The agency says the industry needs to work in a continuous improvement mode and to manage operations and supply chains “in a manner that provides documented assurances that appropriate preventive measures are being implemented as a matter of routine practice every day.”
I would especially draw your attention to the appendix to the guidance, which details some of the ways the agency plans to implement FSMA’s provisions. FDA will vary its strategy for different types of food facilities. For food and animal feed facilities, for example, the agency says it will significantly expand its inspection and surveillance tools to include a wider range of inspection, sampling, testing, and other data collection activities conducted through its own field force and through collaboration with partner agencies and the food industry.

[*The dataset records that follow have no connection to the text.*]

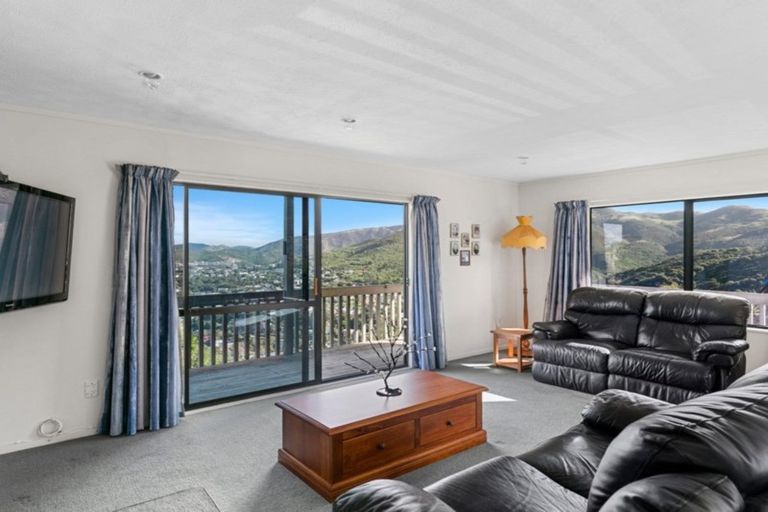 Photo of property in 9 Kapil Grove, Khandallah, Wellington, 6035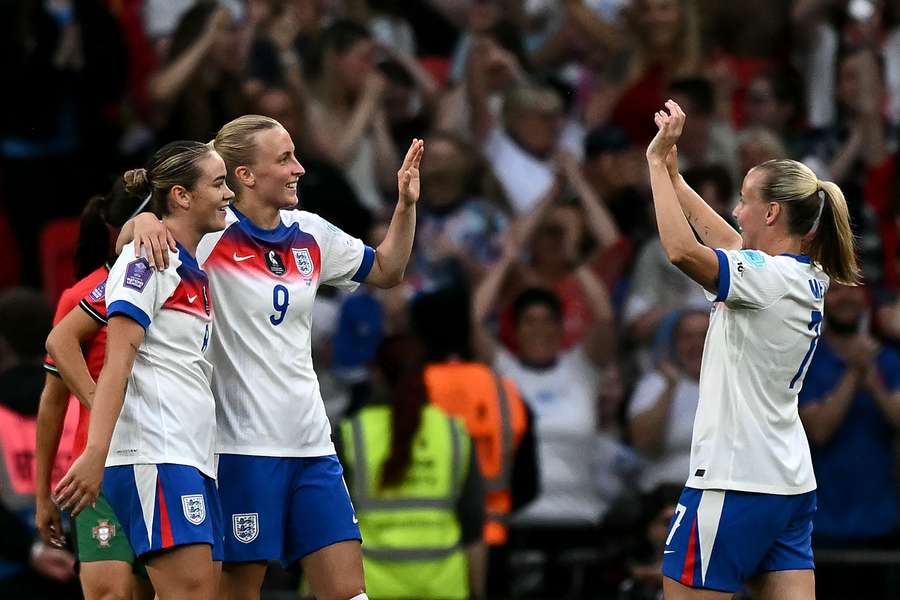 England hit six in Women's Nations League against Portugal
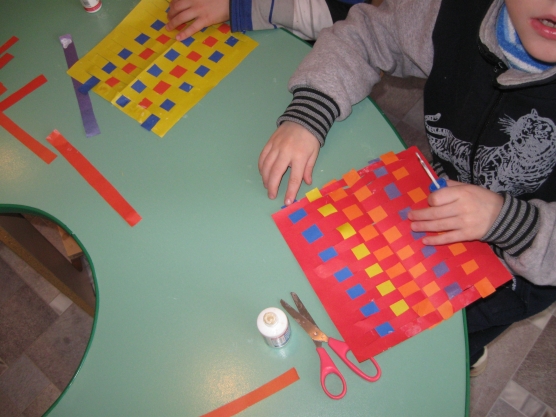 Le processus de fabrication d’un tapis en papier.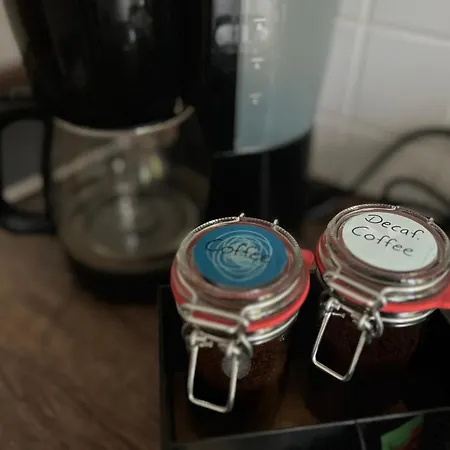 Vollausgestattet, Grosszuegig & Zentral Fuer Bis Zu 4 * 马格德堡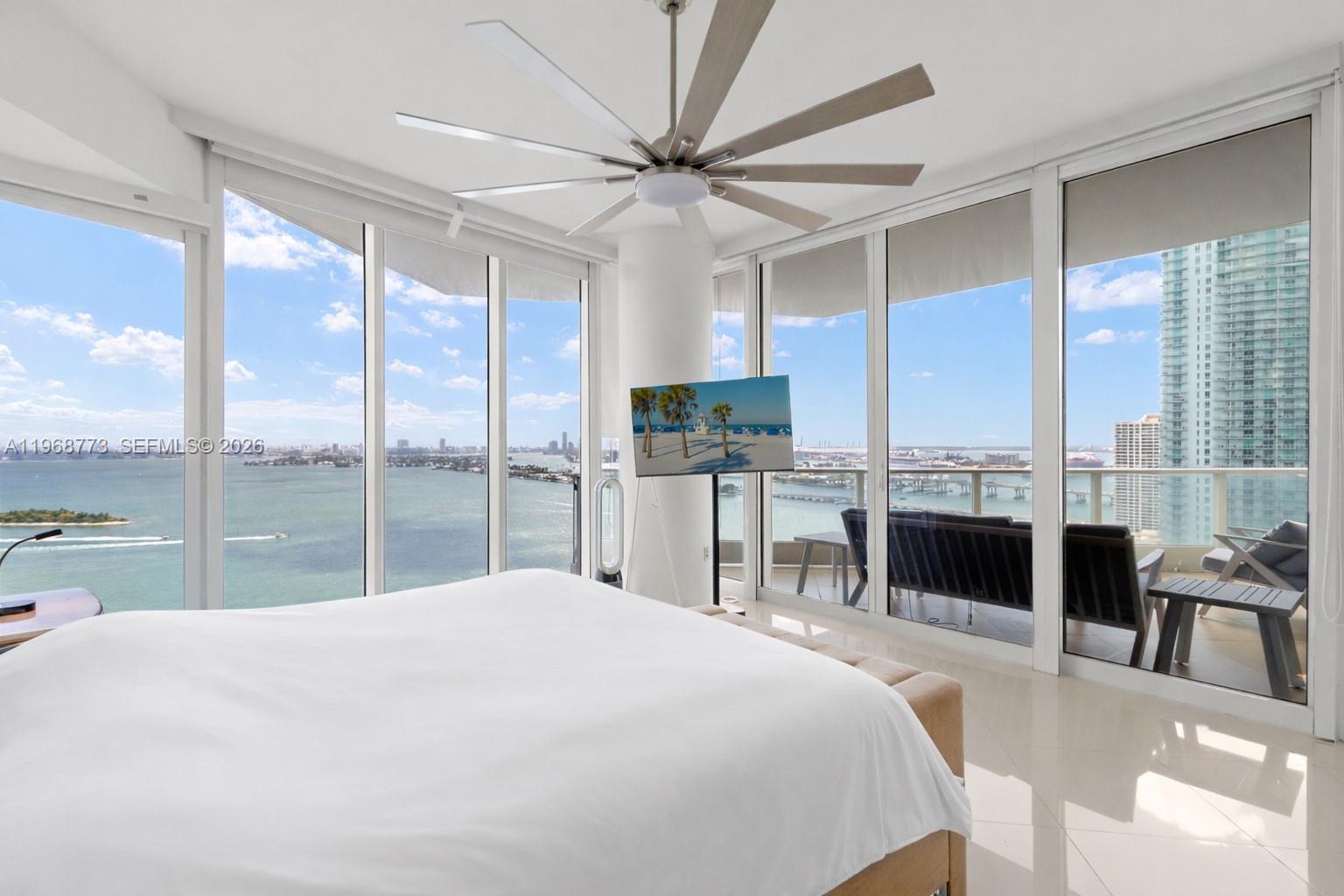 PARAMOUNT BAY CONDO - Residential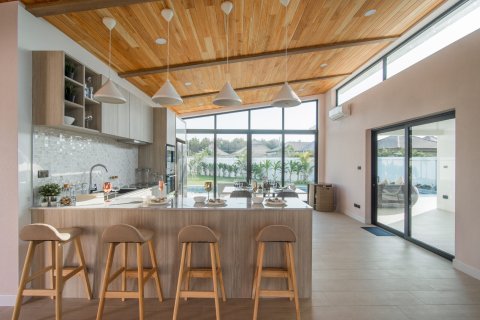 Villa in Hua Hin, Thailand 3 bedrooms № 168539 - photo 22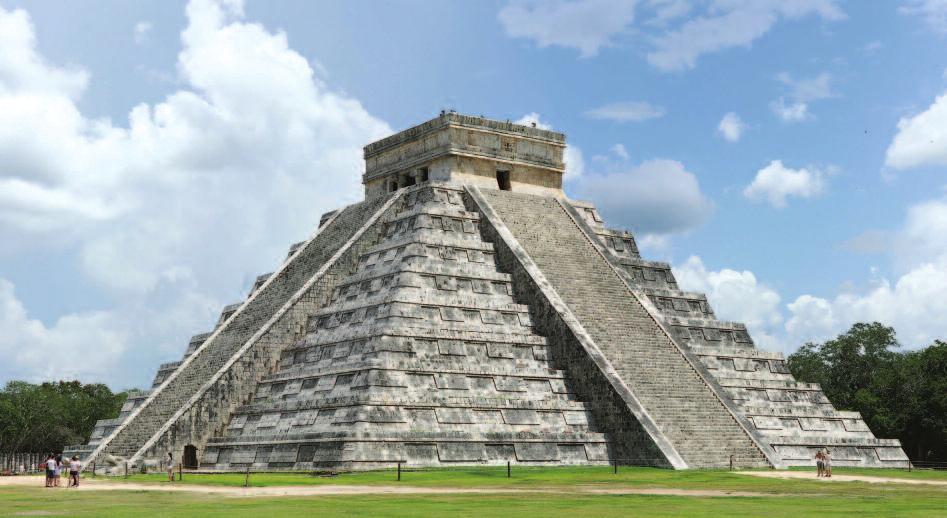 La ciudad fue un centro ceremonial que vivió muchas épocas y estuvo influenciada por diferentes culturas, principalmente por la tolteca.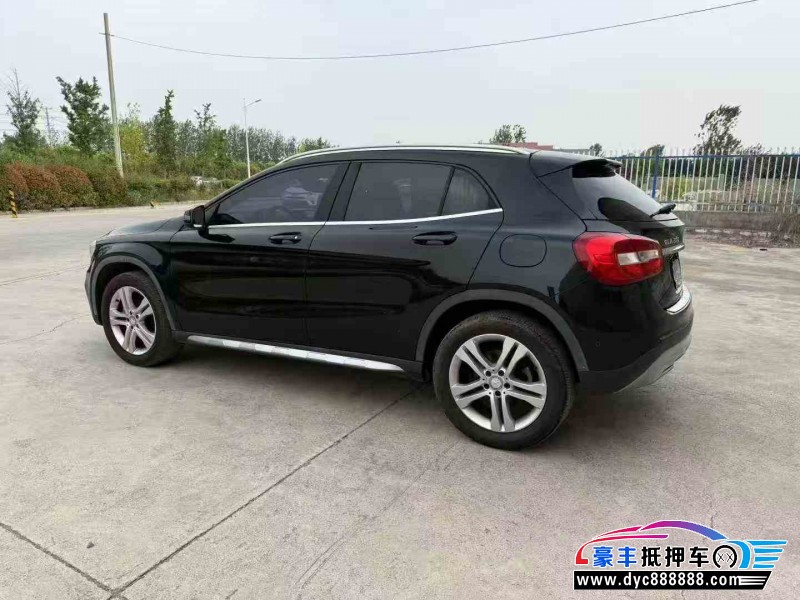 15年奔驰GLA轿车抵押车出售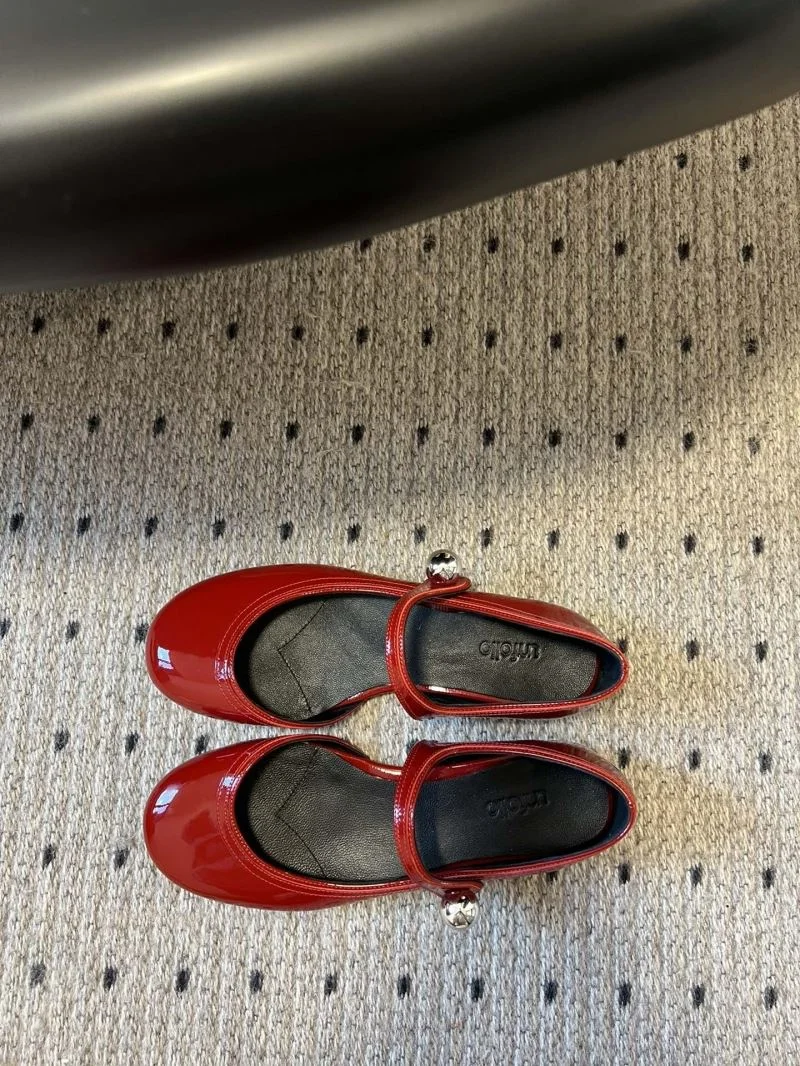 Unfolio Shoes WellDesigned 7123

For these facilities, inspection and surveillance will include:
- Efficiently screening firms for food safety performance to guide risk-based inspection priority, frequency, depth, and approach;
- Providing firms incentives for compliance through enhanced presence in and targeted scrutiny of high-risk firms and products and reduced scrutiny of firms with records of demonstrated good performance;
- Assessing the compliance of individual firms through a range of inspection and sampling techniques used in a strategic, risk-based way to maximize coverage of priority sectors and firms;
- Making in-depth assessments of individual firms when needed to increase the incentive for compliance and determine the need for compliance or enforcement actions
- Collecting data to inform understanding and analysis of sector-wide hazards, practices, and preventive control deficiencies; and
- Collecting data on compliance rates to evaluate program performance and plan future efforts
The agency says its primary compliance tools will be administrative actions rather than court enforcement cases. The administrative actions will include:
- Voluntary correction of problems at the facility level, achieved immediately during the course of an inspection through communication with firm management by investigators and, as needed, Center technical staff;
- Voluntary correction achieved at the District level through deficiency letters, issued within days after an inspection with Center back up, to document significant safety-related deficiencies and request correction within a specified period, with immediate inspection follow up to verify correction;
- Administrative detention of product if needed to provide immediate public health protection or for other appropriate purposes;
- Voluntary and mandatory recalls to remove potentially hazardous food from the market; and
- Administrative suspension of registration when other administrative compliance measures have failed or are inadequate to achieve correction of significant deficiencies that put consumers at risk.
FDA’s judicial enforcement tools will include:
- Seizure actions that are needed to back up administrative detentions;
- Injunction actions when suspension of registration or other measures are inadequate to prevent future non-compliance; and
- Criminal prosecution for falsifying records, lying to FDA, knowingly putting consumers at risk, or in other appropriate cases.
A Different Approach for Produce
Implementation of FSMA’s produce safety standards will require a different approach, the agency says. Because of the scale and diversity of the produced sector, “there is no reasonable expectation FDA will have the resources to make routine on-farm inspection a major source of accountability for compliance with produce safety standards.”
So, the agency explains, “FDA’s implementation of produce safety standards will entail a broad, collaborative effort to foster awareness and compliance through guidance, education, and technical assistance, coupled with accountability for compliance from multiple public and private sources, including FDA and partner agencies, USDA audits, marketing agreements, and private audits required by commercial purchasers.”
A Strategy for Imports
For imported foods, the agency will rely primarily on “importers providing documented assurances that their foreign suppliers have taken proper steps to prevent problems.” The agency plans to build its skills and capacity and to focus on auditing foreign supplier verification programs and on holding importers accountable for managing their supply chains.
According to the Congressional Budget Office, FDA needed $1.4 billion through 2015 to fulfill FSMA requirements. But the agency’s budget for FSMA received only modest increases since the legislation’s enactment.
As examples, the Foreign Supplier Verification Program will require new staff and skills to audit and verify the adequacy of the importer’s verification plan; conduct more foreign inspections; work more on food safety with foreign governments to leverage their efforts; and improve the agency’s data and import systems to facilitate prompt entry of foods that meet U.S. safety standards.
FDA’s strategy relies on partnerships with state departments of agriculture, other state partners, and local, territorial, and tribal authorities to deliver the education, training and technical assistance, as well as compliance oversight, needed to ensure the rules are implemented properly. However, additional resources are required to build the capacity of these partners and provide the needed assistance to growers, especially small and mid-size operators.
This cannot be done unless FDA finds additional resources to build the capacity of its partners and provide the needed assistance to growers, especially small and mid-size operators. The current appropriations are insufficient to take advantage of these opportunities and meet the objectives of FSMA.